**Exercise prompt**
The line containing "One in every" marks the end: quote every line from the start of the records below through it, word for word.

**Dataset content**
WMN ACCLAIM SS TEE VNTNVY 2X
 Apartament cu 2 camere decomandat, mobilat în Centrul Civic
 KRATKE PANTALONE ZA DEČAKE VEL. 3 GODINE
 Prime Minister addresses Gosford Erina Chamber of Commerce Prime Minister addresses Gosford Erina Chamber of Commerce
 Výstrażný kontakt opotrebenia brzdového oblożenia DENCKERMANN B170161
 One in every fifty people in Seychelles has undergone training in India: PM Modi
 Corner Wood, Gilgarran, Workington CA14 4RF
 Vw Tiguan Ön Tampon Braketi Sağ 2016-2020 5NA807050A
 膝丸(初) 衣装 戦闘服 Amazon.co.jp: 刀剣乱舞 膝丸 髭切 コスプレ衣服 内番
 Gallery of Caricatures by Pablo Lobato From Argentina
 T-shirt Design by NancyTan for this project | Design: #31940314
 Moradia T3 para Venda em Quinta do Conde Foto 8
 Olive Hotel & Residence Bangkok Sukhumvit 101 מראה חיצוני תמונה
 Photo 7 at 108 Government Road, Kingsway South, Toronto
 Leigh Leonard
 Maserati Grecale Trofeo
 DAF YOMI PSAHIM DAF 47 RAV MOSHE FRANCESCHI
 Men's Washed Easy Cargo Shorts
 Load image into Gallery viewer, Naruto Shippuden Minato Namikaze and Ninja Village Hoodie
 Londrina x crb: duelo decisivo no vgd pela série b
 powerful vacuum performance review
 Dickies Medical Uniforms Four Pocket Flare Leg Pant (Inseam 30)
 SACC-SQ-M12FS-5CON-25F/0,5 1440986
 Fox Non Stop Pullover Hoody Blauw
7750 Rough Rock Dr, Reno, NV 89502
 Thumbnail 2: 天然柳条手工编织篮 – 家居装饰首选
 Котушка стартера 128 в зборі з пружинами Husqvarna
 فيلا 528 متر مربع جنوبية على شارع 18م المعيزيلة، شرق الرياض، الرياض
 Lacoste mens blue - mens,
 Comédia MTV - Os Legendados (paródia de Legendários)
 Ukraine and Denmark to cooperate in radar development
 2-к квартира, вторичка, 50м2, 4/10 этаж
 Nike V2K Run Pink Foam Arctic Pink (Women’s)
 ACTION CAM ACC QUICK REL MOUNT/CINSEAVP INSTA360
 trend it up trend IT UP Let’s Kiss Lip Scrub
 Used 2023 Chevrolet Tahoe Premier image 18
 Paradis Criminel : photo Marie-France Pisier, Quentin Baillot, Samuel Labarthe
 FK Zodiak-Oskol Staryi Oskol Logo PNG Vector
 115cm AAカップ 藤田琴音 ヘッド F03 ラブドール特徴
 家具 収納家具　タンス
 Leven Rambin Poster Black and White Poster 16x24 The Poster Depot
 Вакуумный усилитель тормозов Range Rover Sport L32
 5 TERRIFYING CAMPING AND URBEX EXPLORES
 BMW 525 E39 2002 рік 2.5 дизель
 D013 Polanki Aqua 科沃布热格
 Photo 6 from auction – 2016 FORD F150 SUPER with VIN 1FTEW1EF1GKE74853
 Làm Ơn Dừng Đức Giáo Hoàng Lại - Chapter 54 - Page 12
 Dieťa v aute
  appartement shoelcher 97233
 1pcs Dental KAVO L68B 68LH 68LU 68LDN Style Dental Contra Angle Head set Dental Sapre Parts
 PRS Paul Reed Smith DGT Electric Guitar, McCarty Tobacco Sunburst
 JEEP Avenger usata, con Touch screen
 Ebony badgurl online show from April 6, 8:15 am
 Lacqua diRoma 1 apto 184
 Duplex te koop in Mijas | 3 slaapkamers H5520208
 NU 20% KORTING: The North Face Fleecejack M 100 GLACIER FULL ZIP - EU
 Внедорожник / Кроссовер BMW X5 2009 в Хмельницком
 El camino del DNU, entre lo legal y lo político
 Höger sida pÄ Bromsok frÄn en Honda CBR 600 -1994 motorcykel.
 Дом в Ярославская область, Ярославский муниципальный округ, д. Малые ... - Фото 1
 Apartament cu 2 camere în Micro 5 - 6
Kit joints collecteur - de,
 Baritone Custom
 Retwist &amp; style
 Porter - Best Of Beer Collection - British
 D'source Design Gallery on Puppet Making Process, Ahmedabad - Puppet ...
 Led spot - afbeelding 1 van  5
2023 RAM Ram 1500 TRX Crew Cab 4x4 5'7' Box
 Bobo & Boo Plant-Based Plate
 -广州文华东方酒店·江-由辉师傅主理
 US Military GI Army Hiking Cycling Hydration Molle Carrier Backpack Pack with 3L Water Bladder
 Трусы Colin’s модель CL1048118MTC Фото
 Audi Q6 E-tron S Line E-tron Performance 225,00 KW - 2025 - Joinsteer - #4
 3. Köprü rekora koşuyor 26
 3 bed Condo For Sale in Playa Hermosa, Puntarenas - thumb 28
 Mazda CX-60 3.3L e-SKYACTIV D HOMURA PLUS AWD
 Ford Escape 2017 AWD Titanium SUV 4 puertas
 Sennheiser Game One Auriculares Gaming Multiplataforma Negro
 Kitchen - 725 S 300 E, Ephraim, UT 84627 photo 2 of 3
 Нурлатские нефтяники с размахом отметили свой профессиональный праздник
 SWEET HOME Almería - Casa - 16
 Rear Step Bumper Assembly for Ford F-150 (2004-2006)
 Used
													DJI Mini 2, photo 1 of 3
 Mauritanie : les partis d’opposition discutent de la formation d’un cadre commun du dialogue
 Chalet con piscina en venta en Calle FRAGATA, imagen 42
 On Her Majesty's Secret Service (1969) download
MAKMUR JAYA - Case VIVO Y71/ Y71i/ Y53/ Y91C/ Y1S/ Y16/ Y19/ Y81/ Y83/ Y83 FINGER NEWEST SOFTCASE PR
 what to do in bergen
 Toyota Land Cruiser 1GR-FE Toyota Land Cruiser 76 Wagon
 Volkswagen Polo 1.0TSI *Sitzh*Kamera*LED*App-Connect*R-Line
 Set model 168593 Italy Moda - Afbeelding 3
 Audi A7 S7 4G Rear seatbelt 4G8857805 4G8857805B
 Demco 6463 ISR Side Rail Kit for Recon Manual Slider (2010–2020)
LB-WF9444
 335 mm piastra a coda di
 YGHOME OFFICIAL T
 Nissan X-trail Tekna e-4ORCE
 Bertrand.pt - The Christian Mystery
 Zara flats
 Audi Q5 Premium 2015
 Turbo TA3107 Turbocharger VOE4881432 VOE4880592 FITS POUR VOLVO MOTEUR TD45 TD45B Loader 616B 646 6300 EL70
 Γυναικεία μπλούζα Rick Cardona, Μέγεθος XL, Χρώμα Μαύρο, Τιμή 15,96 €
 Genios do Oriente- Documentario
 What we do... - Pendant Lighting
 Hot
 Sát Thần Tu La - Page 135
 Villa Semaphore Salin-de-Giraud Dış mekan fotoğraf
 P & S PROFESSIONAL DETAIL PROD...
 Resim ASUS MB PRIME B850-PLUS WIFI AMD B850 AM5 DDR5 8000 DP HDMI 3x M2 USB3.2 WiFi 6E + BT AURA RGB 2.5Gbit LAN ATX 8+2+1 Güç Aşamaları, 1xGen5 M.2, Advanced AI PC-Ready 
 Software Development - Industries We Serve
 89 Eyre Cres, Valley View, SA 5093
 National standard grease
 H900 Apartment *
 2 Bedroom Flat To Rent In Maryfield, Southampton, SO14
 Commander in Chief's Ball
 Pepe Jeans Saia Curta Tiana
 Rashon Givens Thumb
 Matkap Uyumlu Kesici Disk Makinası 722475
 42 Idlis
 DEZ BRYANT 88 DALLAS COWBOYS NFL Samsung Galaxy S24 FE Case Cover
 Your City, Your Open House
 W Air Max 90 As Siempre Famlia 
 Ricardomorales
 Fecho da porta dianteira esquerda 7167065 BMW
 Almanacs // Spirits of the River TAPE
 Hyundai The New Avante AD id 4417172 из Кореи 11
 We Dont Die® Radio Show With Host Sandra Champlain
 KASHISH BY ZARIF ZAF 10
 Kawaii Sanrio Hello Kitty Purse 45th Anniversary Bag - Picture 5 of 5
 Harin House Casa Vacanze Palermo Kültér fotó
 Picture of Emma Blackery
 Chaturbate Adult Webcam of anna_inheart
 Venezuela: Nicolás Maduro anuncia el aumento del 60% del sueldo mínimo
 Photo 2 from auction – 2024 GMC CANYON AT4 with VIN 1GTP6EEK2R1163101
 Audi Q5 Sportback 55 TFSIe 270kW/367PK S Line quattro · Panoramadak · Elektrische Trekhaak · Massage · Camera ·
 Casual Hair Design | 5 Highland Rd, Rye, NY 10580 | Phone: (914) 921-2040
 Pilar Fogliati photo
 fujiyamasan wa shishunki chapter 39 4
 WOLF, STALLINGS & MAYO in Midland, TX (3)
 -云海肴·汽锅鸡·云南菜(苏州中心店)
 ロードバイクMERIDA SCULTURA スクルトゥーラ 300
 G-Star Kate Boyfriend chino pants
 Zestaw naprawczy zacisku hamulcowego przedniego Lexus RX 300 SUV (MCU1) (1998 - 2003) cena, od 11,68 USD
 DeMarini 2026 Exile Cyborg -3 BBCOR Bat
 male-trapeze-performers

**Task solution**
WMN ACCLAIM SS TEE VNTNVY 2X
 Apartament cu 2 camere decomandat, mobilat în Centrul Civic
 KRATKE PANTALONE ZA DEČAKE VEL. 3 GODINE
 Prime Minister addresses Gosford Erina Chamber of Commerce Prime Minister addresses Gosford Erina Chamber of Commerce
 Výstrażný kontakt opotrebenia brzdového oblożenia DENCKERMANN B170161
 One in every fifty people in Seychelles has undergone training in India: PM Modi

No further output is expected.